I totally get where she's coming from. It feels like there's so little time left you just want to get there.
I live it too. I teach yoga classes, looks like I might be selling Arbonne, doing whatever it takes to try to pull something together financially but damnit that's just not the whole of it. Not the whole of who I am. There's a much bigger picture. I want to write and direct films. Nothing in my life except the words that I type here resemble that possibility in any way. (Chew on that.)
I will be a director. I am a writer. Baby steps. Whatever. Being on a time table? What-ever.
We think we're chasing this dream and it's part of a different life and once that dream comes true we'll have this "other" life: the dream life.
it's really hard to see that there's just one life. All ya get. You better get busy living, or get busy dying. All the little things, the seemingly abstract things are all on "the path." It's all to pursue the dream. When your dream is living. Live it all up. It's messy. It's funky.
It even smells funky. (I'm in the throes of potty training.)
But it's human and divine.
Let me ask you this?
Do you see how we always seem to default to the position, to the observation, to the analysis (sweet analysis) that beats us up the most?
I'm unlovable.

Well that's mine.
Go get your own.

And how is beating ourselves up getting us any closer to our dream?

Earlier this year, I decided to try to get some more yoga classes going. I rented a small space for a couple hours a week (I pre-paid for three weeks) in a cool dance studio in North Hollywood. I was very excited. I emailed everyone (everyone!) I knew and invited the clients I already had and put up posters and made some calls.
Very excited.
First time: no one shows.
Ouch.
That's ok. It was good to have a practice run.
Second time I email, call, but no one shows.
My clients don't show.

My best friends don't show.

I'm fucking bombing at YOGA.

Oh yeah. This was gonna be grist for the mill, this was going to be good meat to chew. The ego does luh-huv to chew.
And mill sometimes. Mill the grist. Grist grain. Wheat. Whatever.
So I'm in the car, driving (milling) to the third class and I know, I KNOW, no one is coming to this class.
I am raining shit on myself.
I am worthless. Stupid. I'm humiliated and I have to go cancel this time with the studio and everyone there KNOWS no one came to my class.
What is wrong with me?
And I was rushing to get there in the car, in the damn traffic on the 101, in the shit rain, when...WHEN...
i was struck by the idea that "This is my life." It was like a whisper and a slap in the face.

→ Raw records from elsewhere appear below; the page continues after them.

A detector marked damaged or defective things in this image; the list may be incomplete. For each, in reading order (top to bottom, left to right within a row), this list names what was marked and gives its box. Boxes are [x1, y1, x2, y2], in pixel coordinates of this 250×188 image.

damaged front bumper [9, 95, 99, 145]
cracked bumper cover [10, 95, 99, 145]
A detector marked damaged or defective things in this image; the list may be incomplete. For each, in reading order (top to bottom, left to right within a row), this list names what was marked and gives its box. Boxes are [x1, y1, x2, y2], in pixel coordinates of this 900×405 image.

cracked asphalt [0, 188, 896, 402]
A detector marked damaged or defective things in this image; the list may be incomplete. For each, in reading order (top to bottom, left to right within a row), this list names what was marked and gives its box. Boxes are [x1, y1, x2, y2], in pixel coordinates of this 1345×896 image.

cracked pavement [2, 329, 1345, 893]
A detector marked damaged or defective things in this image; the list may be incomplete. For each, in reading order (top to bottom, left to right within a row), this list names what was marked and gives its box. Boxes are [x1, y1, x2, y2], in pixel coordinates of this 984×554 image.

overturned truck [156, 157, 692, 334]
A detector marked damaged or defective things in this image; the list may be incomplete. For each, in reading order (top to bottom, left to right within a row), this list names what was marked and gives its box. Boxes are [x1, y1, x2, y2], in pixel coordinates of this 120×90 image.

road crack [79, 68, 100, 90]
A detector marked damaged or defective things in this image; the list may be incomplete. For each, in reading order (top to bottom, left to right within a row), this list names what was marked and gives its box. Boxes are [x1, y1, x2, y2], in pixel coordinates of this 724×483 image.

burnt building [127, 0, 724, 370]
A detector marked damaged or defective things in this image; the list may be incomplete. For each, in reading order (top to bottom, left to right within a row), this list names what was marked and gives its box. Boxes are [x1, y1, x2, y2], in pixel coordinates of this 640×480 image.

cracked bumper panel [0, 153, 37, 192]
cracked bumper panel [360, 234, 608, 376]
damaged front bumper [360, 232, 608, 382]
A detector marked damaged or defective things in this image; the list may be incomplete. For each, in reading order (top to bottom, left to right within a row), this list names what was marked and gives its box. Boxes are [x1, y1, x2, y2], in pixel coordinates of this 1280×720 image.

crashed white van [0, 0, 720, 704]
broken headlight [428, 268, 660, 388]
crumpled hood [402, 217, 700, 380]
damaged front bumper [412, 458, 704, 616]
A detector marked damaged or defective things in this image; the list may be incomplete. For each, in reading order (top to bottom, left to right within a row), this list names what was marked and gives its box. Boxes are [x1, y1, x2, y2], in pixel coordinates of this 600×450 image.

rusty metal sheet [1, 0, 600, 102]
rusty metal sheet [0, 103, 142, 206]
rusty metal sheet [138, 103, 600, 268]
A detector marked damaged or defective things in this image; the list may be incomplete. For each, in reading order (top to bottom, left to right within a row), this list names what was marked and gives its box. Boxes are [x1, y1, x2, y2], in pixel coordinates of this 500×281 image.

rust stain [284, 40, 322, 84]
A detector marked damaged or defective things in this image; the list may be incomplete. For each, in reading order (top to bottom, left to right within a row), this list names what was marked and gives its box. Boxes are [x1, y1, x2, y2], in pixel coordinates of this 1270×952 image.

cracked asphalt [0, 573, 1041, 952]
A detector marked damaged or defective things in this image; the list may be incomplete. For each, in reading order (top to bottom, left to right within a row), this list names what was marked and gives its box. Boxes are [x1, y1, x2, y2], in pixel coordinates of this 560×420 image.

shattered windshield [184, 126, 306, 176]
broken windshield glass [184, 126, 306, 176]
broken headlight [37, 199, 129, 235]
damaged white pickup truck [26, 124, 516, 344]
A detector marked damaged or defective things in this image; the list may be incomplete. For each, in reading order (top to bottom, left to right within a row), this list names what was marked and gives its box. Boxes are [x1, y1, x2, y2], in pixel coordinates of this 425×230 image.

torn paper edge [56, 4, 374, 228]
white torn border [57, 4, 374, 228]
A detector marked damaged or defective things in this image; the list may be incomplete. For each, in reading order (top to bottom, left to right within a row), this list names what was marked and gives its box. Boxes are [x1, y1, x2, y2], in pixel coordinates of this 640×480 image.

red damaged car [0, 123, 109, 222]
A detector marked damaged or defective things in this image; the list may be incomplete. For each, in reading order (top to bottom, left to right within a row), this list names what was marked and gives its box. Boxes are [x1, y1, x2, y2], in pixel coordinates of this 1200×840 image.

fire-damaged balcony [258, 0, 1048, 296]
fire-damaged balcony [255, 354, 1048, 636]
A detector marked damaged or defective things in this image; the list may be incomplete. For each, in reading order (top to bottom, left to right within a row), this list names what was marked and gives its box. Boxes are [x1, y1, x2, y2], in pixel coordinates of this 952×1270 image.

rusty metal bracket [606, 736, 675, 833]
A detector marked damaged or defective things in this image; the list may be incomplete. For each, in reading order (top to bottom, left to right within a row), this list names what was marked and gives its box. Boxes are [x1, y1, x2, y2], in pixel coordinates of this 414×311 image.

It was new information yet something I always knew. "This is my life."
Why in MY life would I do this to MYSELF?
My beautiful self.
I must take a commercial break and say that prior to this incident I accepted for certain, partly from watching "The Secret" (say what you will, it changed me, I highly recommend the DVD)--
I accepted that my life is entirely my creation. I already believed this. And that is a joyful thing. A burden at times and a challenge every other time? Yes. But joyful. It's Good News my friend. Good news.
"Ain't that news? Ain't that good news? Man, I know that's good news." (That man can sing. We are soul brothers.)
Okay, wrap this up. Mama's glass needs a re-fill.
Okay.
My friends, my sentient and holy beings:
Don't do this to your self!
Love yourself!
I love you!
Every single one of ya!
Make this YOUR life.
Speak YOUR life.
Live YOUR life.
Claim YOUR life.
Your life is this world all around you.
Very vast too. It's nice that way.
And you created it.
You continually re-create it.
Make it exactly as you want it to be.
Did I want to live in a world of humiliation, shame and judgement?
No.
Ok. Great...snap...now I don't.
Just like that.
Snap! Snap! Snap!
This is your life.
Joy. Joy. Joy.
End of story.
I walked into the dance studio with my head held high. So, the yoga classes didn't work out. Okay. That's the end of the story. Don't need to add to it.
And guess what?
What?
The people at the dance studio were lovely. And warm. They treated me as I would like to be treated (hhmmmm...).
There was no judgement on their side. It didn't work out, they said. They actually SAID that.
So.
End of story. They wished me luck and I went on my merry way and that was that. I was a changed woman for it.
And it hasn't left me. I can still, when I remember to, just click into that. Into that feeling I had in the car.
Peace.
When I feel some daily (ok, minutely) insecurity or embarrasment or God forbid, judgement, I can step back and say: "Your Life, Woman."
I project traffic on the fucking freeway and I'm stressed and running late: "Choose Your Life Riley." (I know.)
I eat like shit all day and I'm fat and I'm a lousy mother and aack! the house is a mess?
"Fucking Sue Me, This Is My Life."
So...I'm leaving it there people. Part Two of this strange saga manana!
Goodnight.
Check out a little thing I found tonight. She's eloquent and one of my heroes:
http://www.youtube.com/watch?v=7s-rRMUl04I
Love you.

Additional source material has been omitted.